Does anyone know when B.P. put the letters on the funnel. They seem to have been there just after the war but I cant find out when the letters B.P. became a part of the Iranian flag on the funnel. Thanks.


----------



## Don Lorimer (Oct 31, 2006)

I remember changing the funnel markings to BP and the paint from grey decking to green in 1970


----------



## John_F (May 12, 2005)

janathull said:


> Does anyone know when B.P. put the letters on the funnel. They seem to have been there just after the war but I cant find out when the letters B.P. became a part of the Iranian flag on the funnel. Thanks.


Janathull,
BP put their name on funnels in 1955. They have removed it in the last few years, in line with other oil companies, to avoid being associated with possible environmental damage caused by one of their vessels.
Kind regards,
John F.


----------



## janathull (Aug 31, 2005)

Thanks for the info.
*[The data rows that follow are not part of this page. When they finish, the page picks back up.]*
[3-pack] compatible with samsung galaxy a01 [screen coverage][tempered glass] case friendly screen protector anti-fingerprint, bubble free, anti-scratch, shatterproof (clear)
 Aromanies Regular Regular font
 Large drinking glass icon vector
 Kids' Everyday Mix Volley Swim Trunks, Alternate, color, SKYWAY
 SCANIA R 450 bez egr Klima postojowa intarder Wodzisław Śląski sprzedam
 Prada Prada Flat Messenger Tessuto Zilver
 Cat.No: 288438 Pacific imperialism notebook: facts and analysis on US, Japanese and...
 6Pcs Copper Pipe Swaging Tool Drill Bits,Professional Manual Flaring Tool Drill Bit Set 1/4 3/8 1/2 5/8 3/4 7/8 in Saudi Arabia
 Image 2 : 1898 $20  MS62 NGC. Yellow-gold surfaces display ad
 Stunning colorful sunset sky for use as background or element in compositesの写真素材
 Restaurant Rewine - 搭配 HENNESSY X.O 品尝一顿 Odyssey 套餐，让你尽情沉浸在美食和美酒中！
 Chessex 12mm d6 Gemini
I remember changing the colour scheme in the early 70s, there was a bit of dissention because at a distance the funnel was similar to Shells. It appears that when B.P. was the British Tanker Company they had the letters BTC painted over the Iranian flag. Another thing that has come up is wether the funnel was grey during the war. Regards to everyone.


----------



## John_F (May 12, 2005)

janathull said:


> Thanks for the info. I remember changing the colour scheme in the early 70s, there was a bit of dissention because at a distance the funnel was similar to Shells. It appears that when B.P. was the British Tanker Company they had the letters BTC painted over the Iranian flag. Another thing that has come up is wether the funnel was grey during the war. Regards to everyone.


Janathull,
See picture below for the funnel colours over the years. In about 1995, the colours reverted to those shown for 1927 - 1955 & the houseflag to that shown for 1955 - 1968. During the war years all funnels were painted grey, along with the rest of the vessel. All ships names were concealed.
Kind regards,
John.


----------



## hasse neren (Oct 20, 2006)

John_F said:


> Janathull,
> See picture below for the funnel colours over the years. In about 1995, the colours reverted to those shown for 1927 - 1955 & the houseflag to that shown for 1955 - 1968. During the war years all funnels were painted grey, along with the rest of the vessel. All ships names were concealed.
> Kind regards,
> John.


Great info. for me to John.
Yours Hasse


----------



## janathull (Aug 31, 2005)

Thanks every body for the info. I have now got the info I wanted. janathull


----------